The German Waffenamt issued an order to design the VK4501(H) (as the PzKpfw VI Ausf. E was then known) in May 1941, just one month prior to the commencement of Operation Barbarossa. Interestingly, Henschel und Sohn of Kassel was charged with building the heavily armored chassis while Krupp, by far the largest munitionwerks in Germany, was given the task of developing the turret. The PzKpfw VI Ausfuhrung E (type E) was one of the first German tanks to feature a torsion bar with eight interleaved wheels, which was designed to support the weight of the mammoth 57-ton tank. The Ausf. E mounted a huge 8.8cm KwK36 L/56 cannon and featured two MG34 machine guns for close support against enemy infantry. By war's end, 1,354 vehicles had been produced, some rolling off the Wegmann assembly line.
This special twin pack contains a 1:72 scale replica of the Tiger tank used at the Battle of Villers Bocage along with his final mount, "007." Comes packed in an attractive acrylic case. Sold Out!
Length: 12 inches
Historical Account: "Mars Triumphant" - On June 13th 1944, 2nd Kompanie of SS Panzerabteilung 101, led by Tiger ace Michael Wittmann, took up positions on a hill overlooking the town of Villers Bocage. Wittmann's orders were to stop the advance guard of the British 7th Armored Division (the famous 'Desert Rats') from advancing through the village, which would throw open the road to the city of Caen. At about 8:00 AM, Wittmann's company attacked a column of British armor travelling along a sunken road near the town. Wittmann himself waited until the British column came within 100 meters of his position before opening fire. Within minutes, his tank destroyed the column's leading and trailing vehicles, thereby blocking the escape route for the rest of the column. From the cover of a small wood, Wittmann's Tiger tank systematically eliminated the rest of the British column, destroying some 25 Cromwell and Firefly tanks, and laying waste to another 28 vehicles (among them some 14 half-tracks and 14 Bren gun carriers) of the 4th County of London Yeomanry Regiment ("Sharpshooters"), 22nd Armored Brigade. Meanwhile, the other 3 Tigers and PzKpfw IV of Panzerabteilung 101, which were firing in support, destroyed eight more British tanks as they attempted to move into the town proper. In the ensuing street battle, Wittmann's Tiger had its track blown off by a British 6-pounder, forcing the crew to bail out and take cover. Two other Tigers were eventually destroyed by infantry-crewed PIAT anti-tank guns. Despite these losses, however, Wittmann's command succeeded at their task, denying the all-important town from falling into British hands.

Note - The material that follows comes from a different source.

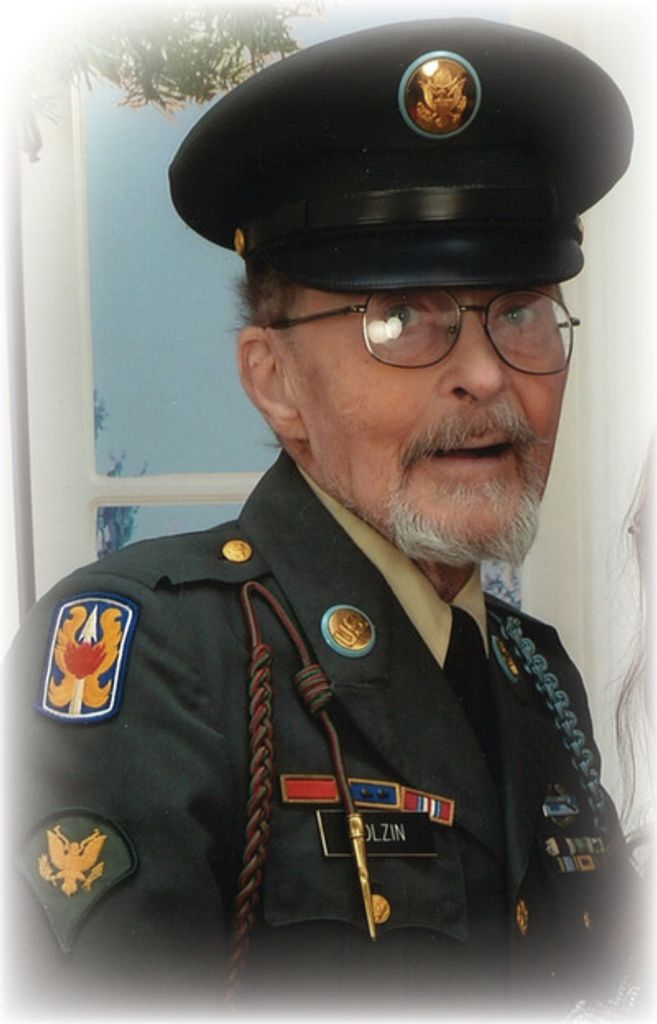 Melvin Joseph Polzin Profile Photo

Historical Account: "The Final Ride" - After being promoted to the rank of SS-Haupsturmfuhrer, legendary panzer ace Michael Wittmann was offered but refused a position as an instructor at an armored training school, instead returning to Normandy and his men on July 6th, 1944. His unit, sSSPzAbt. 101, took part in the Battle for Caen, which raged from July 3rd to the 10th. In August, Wittmann and his crew received a new Tiger Ausf. E tank, which was assigned the command identification number 007. Thereafter, Wittmann, along with the rest of sSSPzAbt. 101, was transferred to a region just outside Cintheaux, France. At the time, strong German forces attempted to recapture the crucial city of Caen, which had become completely destroyed by weeks of incessant fighting. On August 8th, 1944, a new battle raged near Cintheaux, which would later become Wittmann's final engagement.

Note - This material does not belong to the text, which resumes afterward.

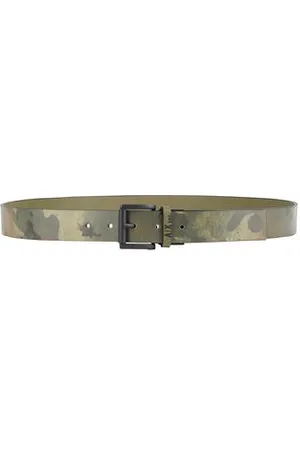 Armani Exchange Small Leather Goods - Belts - on YOOX.com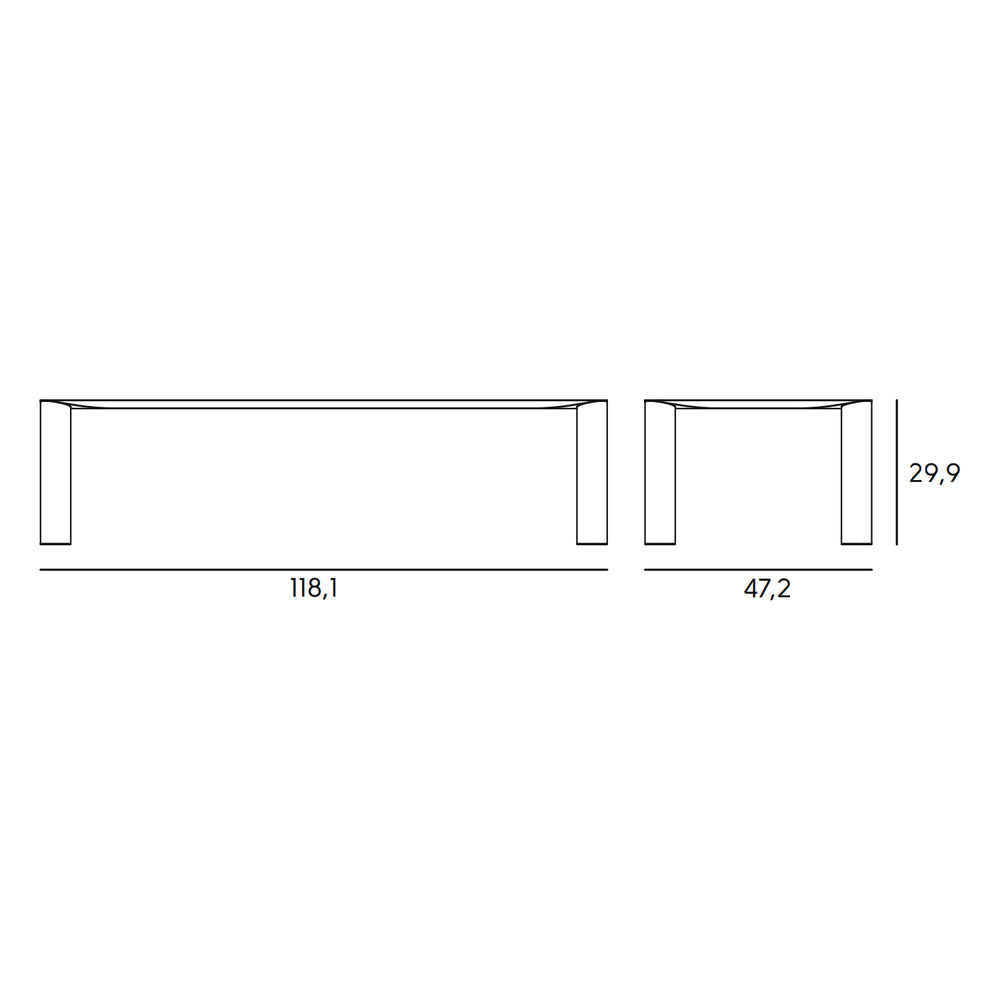 Eggen Dining Table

According to SS-Hauptscharfuhrer Haflinger commanding Tiger #213, whose tank was positioned in the same field as Wittmann's tank but towards the rear and to the right of Wittmann's mount, at 12:55 AM he saw Wittmann's tank explode as it sat near the road to Caen-Cintheaux, at Gaumesnil, apparently struck by a long-range tank round fired by a Sherman Firefly from the Northampton Yeomanry. Afterwards, Wittmann and his crew were laid to rest beside what was left of their burned out Tiger, sadly without any graveyard markings. The War's most famous tank ace had paid the ultimate price in blood and iron, a fate awaiting many more tankers in the months to come.